Latest round of commander-level talks at Line of Actual control (LAC)

Note4Students

From UPSC perspective, the following things are important :

Prelims level: NA

Mains level: India-China Border issues, friction points

talks

Context

  • A week after the clash in Tawang in Arunachal Pradesh, convening of the 17th round of India-China corps commander-level talks at the Chushul-Moldo border meeting point in eastern Ladakh is a positive development. But unfortunately, it does not inspire confidence about Chinese intentions vis a vis the Line of Actual Control.

 Background

  • Disengagement at Gogra Hot springs in last round of talks: The last round of talks was held in July, and in September, the government announced that the two sides had finished disengaging at Gogra Hot Springs, as had been agreed in the 16th round.
  • Beijing reluctant for further rounds of talks: Beijing appeared reluctant to accede to Delhi’s push for another round,
  • No return to the status quo: China signals that there is nothing more to discuss about the situation in eastern Ladakh, and certainly not a return to the status quo that existed before its incursions in April-May 2020.

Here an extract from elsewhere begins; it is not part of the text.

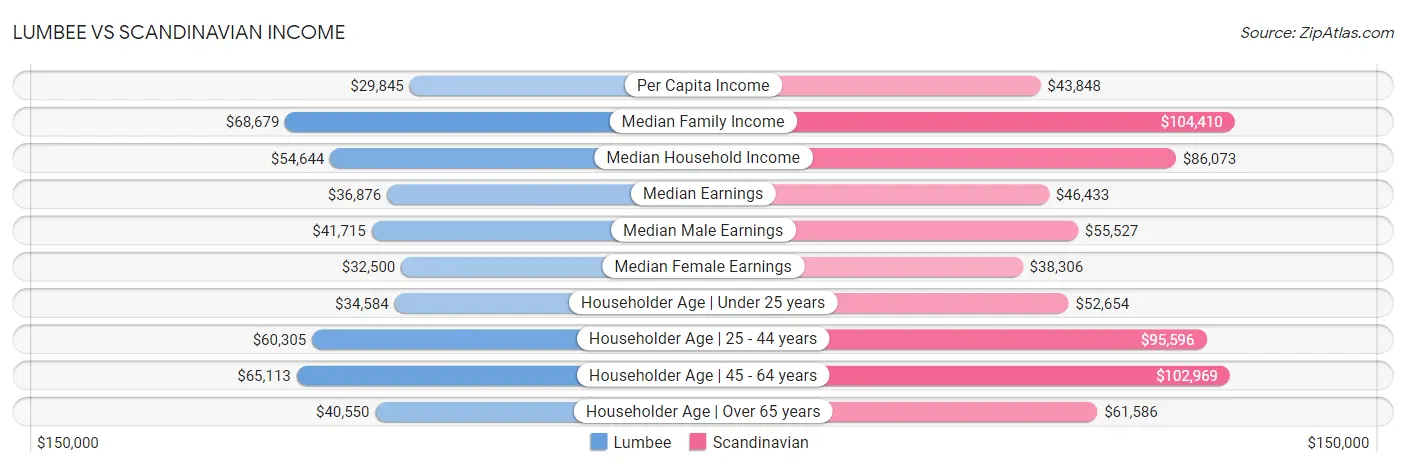 Lumbee vs Scandinavian Income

What is outcome of the latest round of talks and the current status?

  • No mutually acceptable resolution on remaining issues: A joint statement that the two sides agreed to keep talking through military and diplomatic channels toward a mutually acceptable resolution of the remaining issues at the earliest suggests that there was no outcome from this round. It is also not clear if the remaining issues have been agreed upon by both sides.
  • India facing an altered status quo: Apart from the fact that India now faces an altered status quo and that the PLA is rapidly building war-like infrastructure on its side, for India, the remaining issues are the presence of Chinese troops in the Depsang plains, and intrusions in the Demchok area.
  • Tensions seems manageable but situation is unpredictable: The sector-wise compartmentalisation makes the tensions seem manageable, but the reality appears to be that there is no predicting which part of the 3,500 km of the line will flare up suddenly, as it did recently.
  • Situation is very serious: Minister of External Affairs S Jaishankar flagged the seriousness of the situation when he told Parliament that the Indian deployment at the LAC is at its highest level.
  • Despite the advanced surveillance, no clarity on Army’s preparedness: From the short statement by Defence Minister Rajnath Singh, it is unclear how prepared the Army was for the transgression at Tawang, despite the advanced Intelligence Surveillance and Reconnaissance devices that have reportedly been installed in that area.

talks

Why China has opened new front in Tawang?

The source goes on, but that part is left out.